Hancom said on Sunday that its open-source PDF data extraction project, OpenDataLoader PDF v2.0, ranked No. 1 on GitHub’s Trending list across all programming languages as of March 20 and received a trending badge.
GitHub Trending is an index that tallies in real time the open-source projects attracting the most attention from developers worldwide.
Hancom said OpenDataLoader PDF v2.0 logged growth of more than 1,800 GitHub stars in a single day on March 21. It said the project’s total stars exceeded 7,000 and forks topped 500.
OpenDataLoader PDF breaks down PDF documents with complex structures into text, tables and images, converting them into a form that artificial intelligence can process immediately.
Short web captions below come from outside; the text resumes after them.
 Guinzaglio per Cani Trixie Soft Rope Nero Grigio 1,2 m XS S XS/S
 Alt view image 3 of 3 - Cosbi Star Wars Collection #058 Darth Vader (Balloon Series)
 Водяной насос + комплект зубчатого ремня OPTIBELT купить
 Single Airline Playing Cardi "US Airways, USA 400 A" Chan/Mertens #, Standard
PDF is the document format most widely used for AI training worldwide, but its complex internal structure has made data extraction difficult, and it has been cited as a key bottleneck in AI development. Hancom signed a memorandum of understanding in July 2025 with Duallab, a global PDF technology specialist, and began joint development. It released an initial version in September that year and launched v2.0 on March 12.
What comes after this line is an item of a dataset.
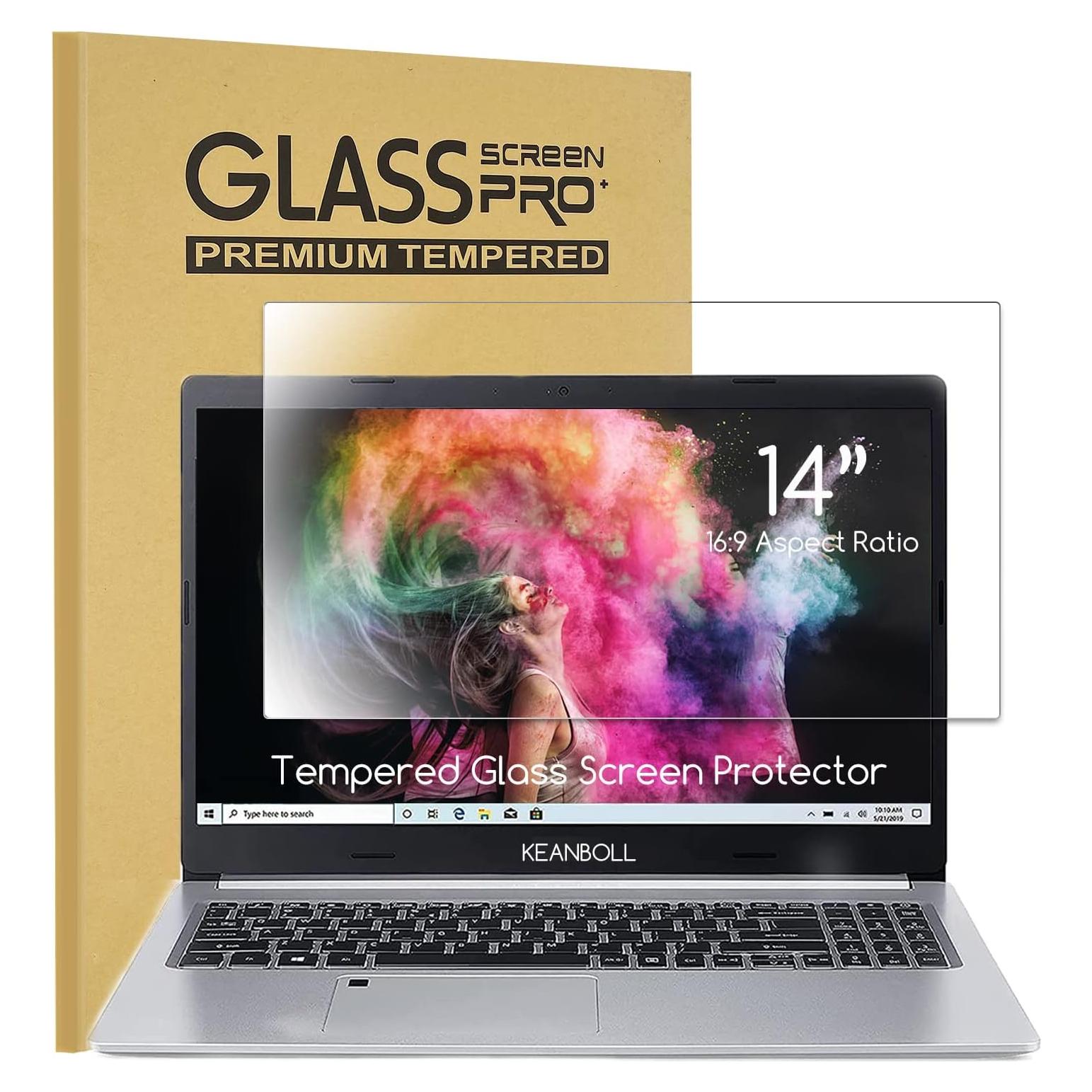 Protector de Pantalla de Vidrio Templado 14" KEANBOLL 9H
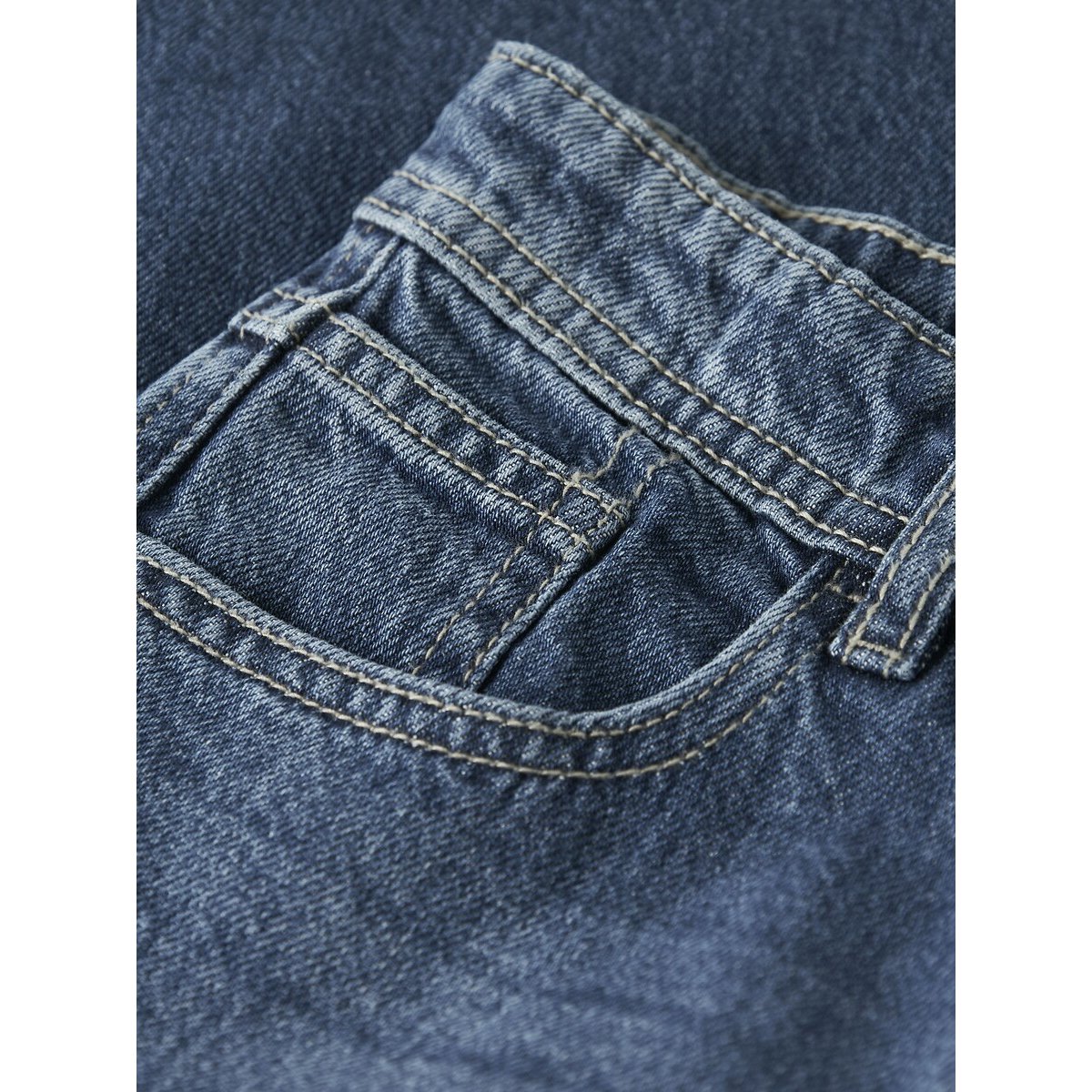 Vaqueros rectos azul denim, NAME IT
Version 2.0 applies a hybrid engine that combines an AI method with a direct extraction method, and runs in a local environment without sending data to external servers. It provides by default 4 AI add-ons, including optical character recognition, table extraction, formula extraction and chart analysis. It is also compatible with other companies’ open-source AI models, including Docling.
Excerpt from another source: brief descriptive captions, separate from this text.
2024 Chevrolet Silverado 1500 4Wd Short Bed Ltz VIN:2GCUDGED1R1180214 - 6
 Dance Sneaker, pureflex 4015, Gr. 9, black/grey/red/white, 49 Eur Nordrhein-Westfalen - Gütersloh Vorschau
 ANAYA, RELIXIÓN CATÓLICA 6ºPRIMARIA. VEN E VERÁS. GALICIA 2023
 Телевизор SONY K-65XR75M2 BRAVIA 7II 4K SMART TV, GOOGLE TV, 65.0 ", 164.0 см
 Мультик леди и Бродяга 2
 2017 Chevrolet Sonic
Hancom Chief Executive Kim Yeon-su (김연수) said, "This achievement is the result of Hancom’s document data extraction technology being directly verified by the global developer community for its completeness and practicality, and it also confirmed the possibility of expanding the technology ecosystem through diverse uses." He added, "Through a switch to the Apache 2.0 licence, we will develop it into an open PDF data platform that companies and developers around the world can freely use and expand."